O escândalo manchou a credibilidade de Saikawa. Ele estava entre alguns executivos que fizeram parte de uma investigação interna separada no ano passado que levou à queda de Ghosn e Kelly.
Embora ele tenha negado qualquer conhecimento da suposta má conduta do par antes da investigação, a explicação de Saikawa foi recebida com suspeita. Depois de rejeitar as demandas por sua demissão imediata, dizendo que iria decidir depois de cumprir seu dever de mudar a empresa, ele cedeu à crescente pressão em setembro, em meio a um escândalo financeiro próprio, deixando a empresa depois de 42 anos.

Ele foi forçado a sair depois que a mídia informou que recebeu dezenas de milhões de ienes em pagamentos extras em 2013 por meio do que era conhecido como programa de direitos de valorização de ações. O programa de remuneração estava vinculado ao patrimônio e administrado pela Nissan. Os diretores eram elegíveis para receber um bônus vinculado a aumentos no preço de suas ações.

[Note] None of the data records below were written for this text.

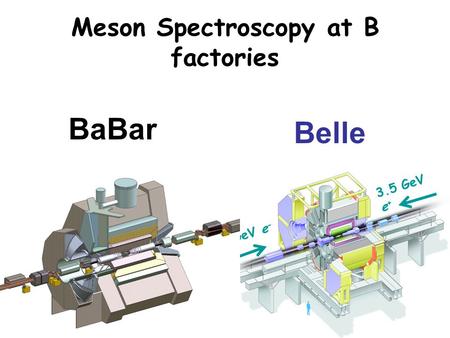 Meson Spectroscopy at B factories 8 GeV e - 3.5 GeV e + BaBar Belle.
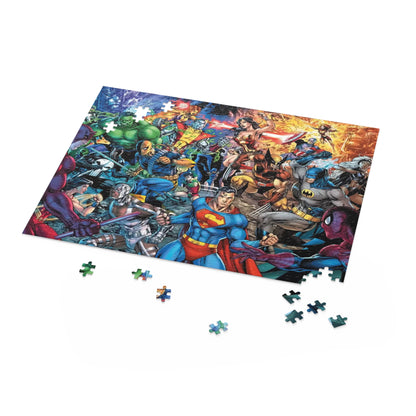 DC Comics Vs Marvel 500 Piece Puzzle - Jim Lee Omnibus Art - Superman, Storm, Daredevil, Spider-Man, Hulk
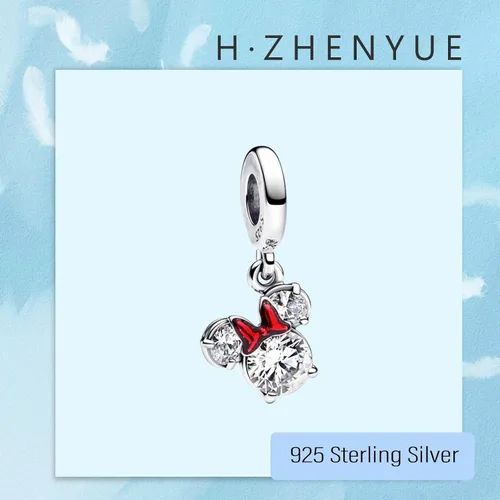 Miniatura 30 de Dijes de plata de ley 925 de dibujos animados de pato, ratón, oso, elefante, dragón chino, cuentas colgantes para pulseras y collares, joyería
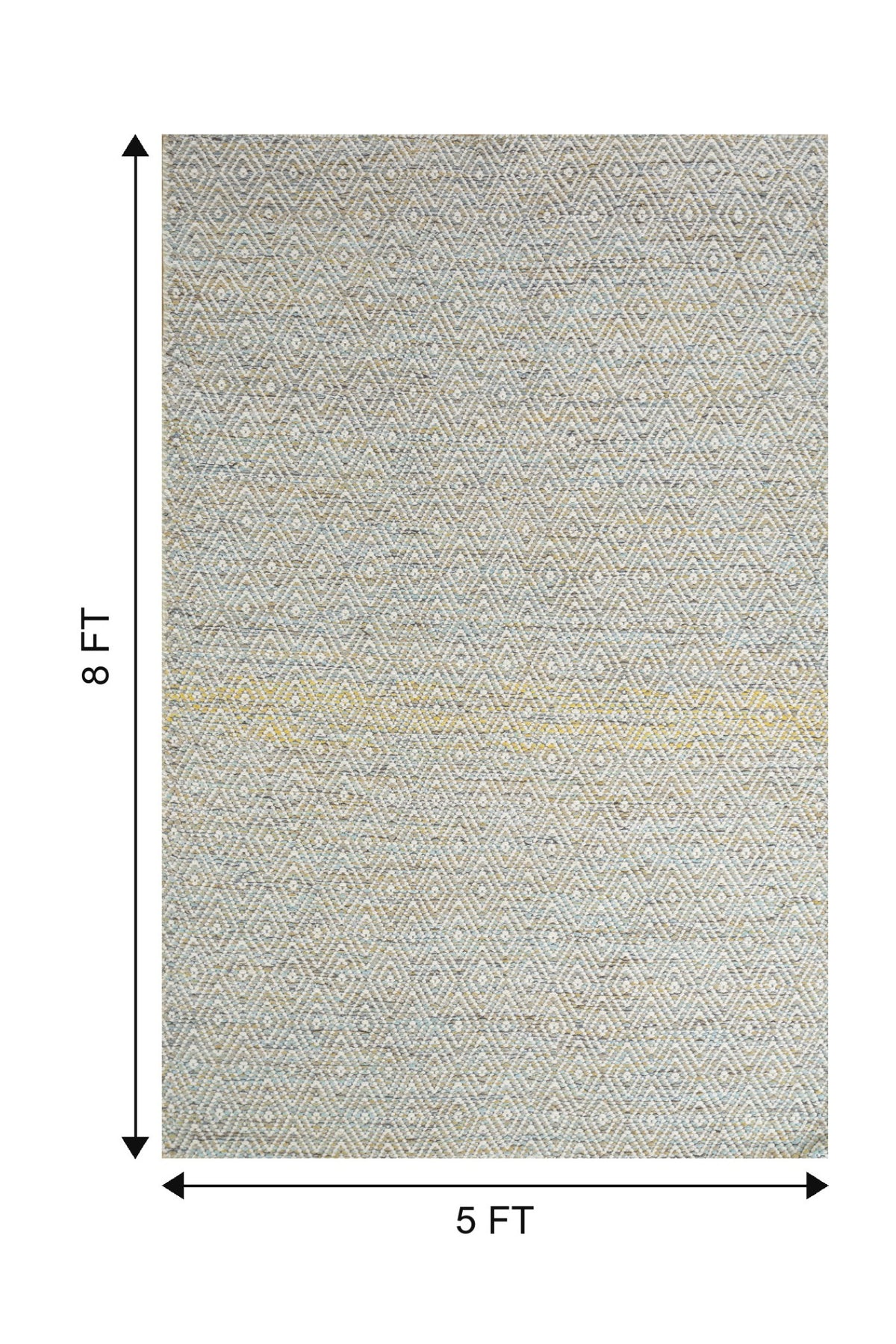 Jaipur Rugs Soft Diamond 5X8 Feet Rug| Pearl Blue & White Hand Knotted Dhurrie Carpet For Living Room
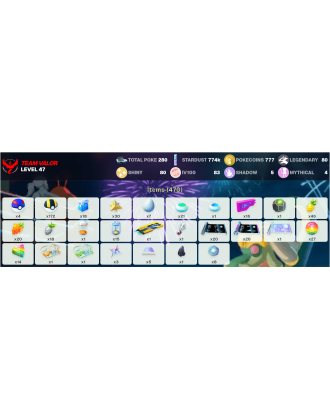 Legendary: 80 | Shiny: 80 | Hundo: 83 | ShinyLegend: 6 [Level: 47 | Stardust: 775k | Team: Valor]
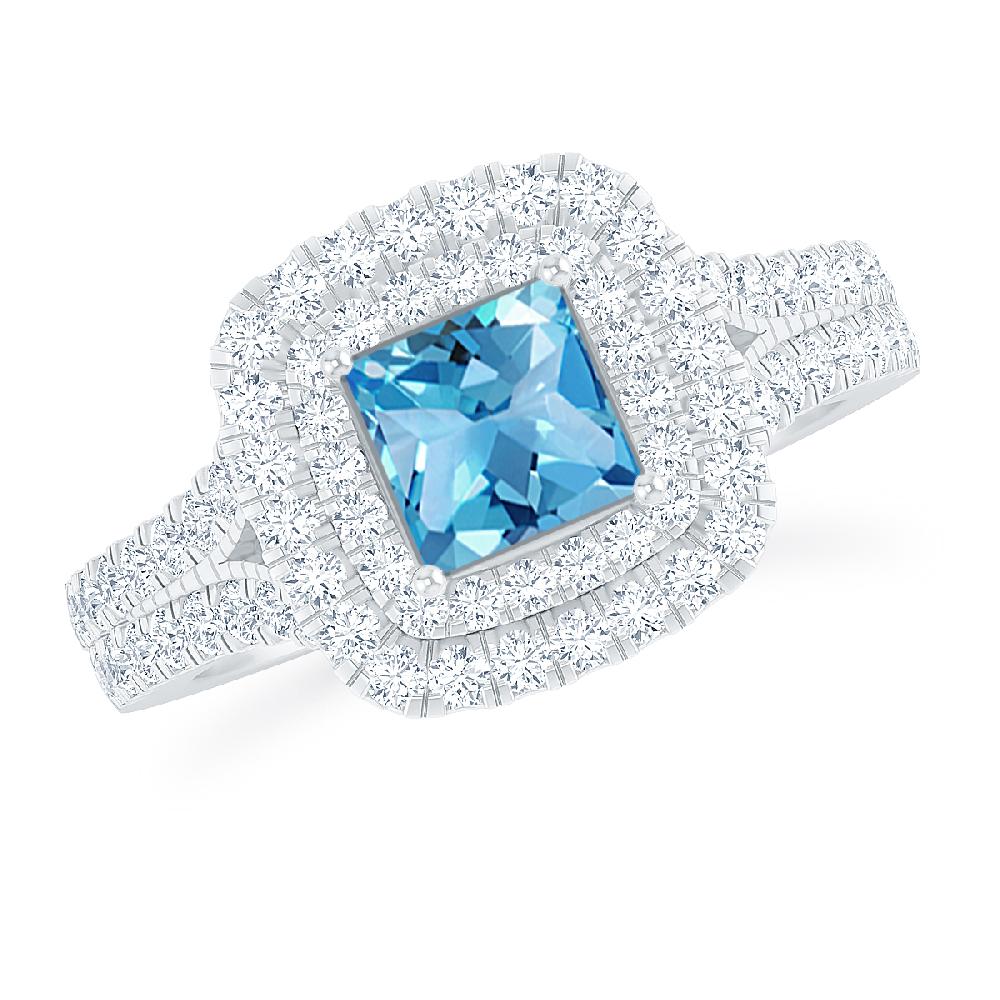 White Gold - Blue Topaz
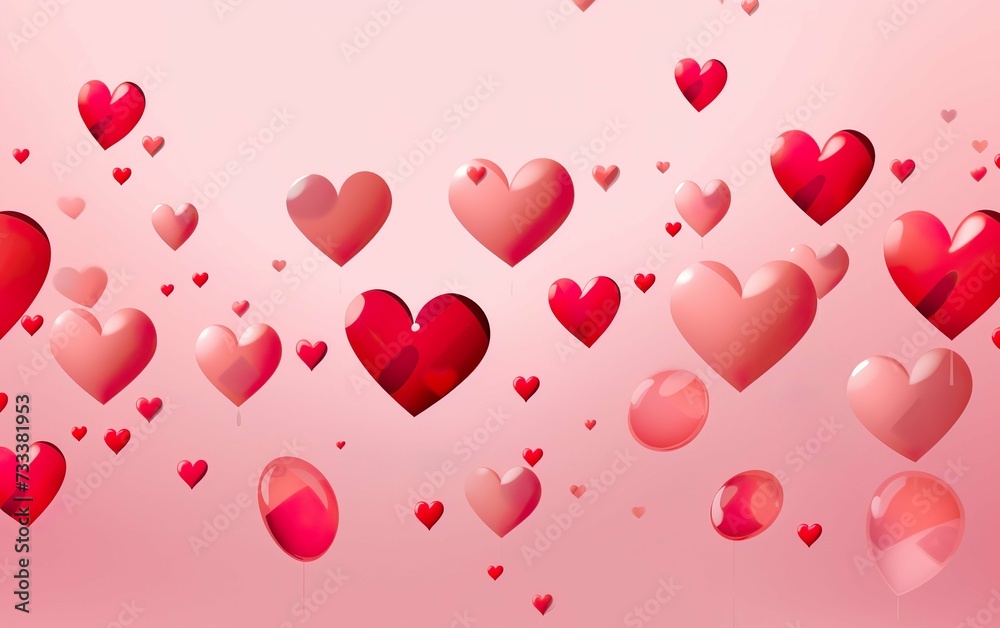 Various red hearts on pink background f e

Neste verão, Kelly acusou Saikawa de explorar o programa dobrando as regras para ganhar 47 milhões de ienes (443.000 dólares) em 2013.
A Nissan nomeou Makoto Uchida, chefe de sua joint venture na China, como sucessor de Saikawa. Uchida estará trabalhando com o novo diretor de operações Ashwani Gupta.
Na Europa, a Renault removeu Thierry Bollore como CEO no mês passado. Bollore, que substituiu Ghosn em janeiro, era visto como seu aliado próximo e como um obstáculo para reparar o relacionamento fraturado da montadora francesa com a Nissan.
Clotilde Delbos, CEO interina, disse que a Renault reconsiderará a estratégia que Ghosn traçou para guiar a montadora até 2022.
À medida que o drama envolvendo as montadoras e seu chefe caído se desenrolar no próximo ano, espere que mais detalhes intrigantes surjam dentro e fora da sala do tribunal.